If you leave an inheritance to someone who has significant financial problems, the inheritance will be available to your beneficiary’s creditors. This may help the beneficiary get back on his or her feet. But if the beneficiary’s circumstances are bad enough, the inheritance may go to his or her creditors, without really benefiting your intended beneficiary.
What options do you have if you are concerned that a child or other person you wish to benefit on your death has financial problems?
Instead of leaving a share of your estate to the beneficiary as an outright gift in your will, you can have your lawyer draft your will to create a trust for the beneficiary.
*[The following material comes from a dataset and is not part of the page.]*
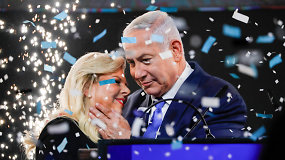 Izraelio premjeras B.Netanyahu po įtemptų rinkimų artėja prie pergalės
You appoint someone in your will, called a trustee, to hold and manage a share of your estate for the benefit of the beneficiary. In your will, you can give the trustee the power to decide if and when to make payments to the financially troubled beneficiary. This is called a discretionary trust. You will need a provision in your will saying who receives anything left in the trust on the death of the financially troubled beneficiary. You can also allow the trustee to make distributions during the financially troubled beneficiary’s lifetime to other beneficiaries, such as the financially troubled beneficiary’s spouse and children.
The advantage of using a discretionary trust for a financially troubled beneficiary is that funds can be available to assist the beneficiary, without the funds being available to the creditors. For example, your will could contain a provision allowing the trustee to buy a home for the beneficiary to live in. The trustee could register the home in his or her name in trust. Because the home is held in trust, and there are other beneficiaries of the trust, the creditors will not have the right to seize the home.
If is important that the will be drafted well to make sure that a discretionary trust is created. It is also a good idea to make the terms of the trust flexible enough to meet potential changes in circumstances. You might to give the trustee the flexibility to transfer the trust assets to the beneficiary. Then if the beneficiary is able to overcome his or her financially difficulties, the trustee can then transfer the assets, and wind up the trust.
You also need to choose the trustee carefully. The trustee will have responsibilities that could go on for many years. He or she should have the ability to manage funds or other assets, and be sensitive to the needs of the financially troubled beneficiary.
It is also important to consider your whole estate plan, and not just your will. For example, if you name the financially troubled beneficiary as the sole beneficiary of your Registered Retirement Savings Plans, life insurance policies, and put funds in joint accounts with right of survivorship with the financially troubled beneficiary, those assets will be available to the beneficiary’s creditors. There may be little point to having a carefully considered, professionally drawn will with a discretionary trust for the financially troubled beneficiary, if you leave most of your assets outright to that beneficiary outside of your estate.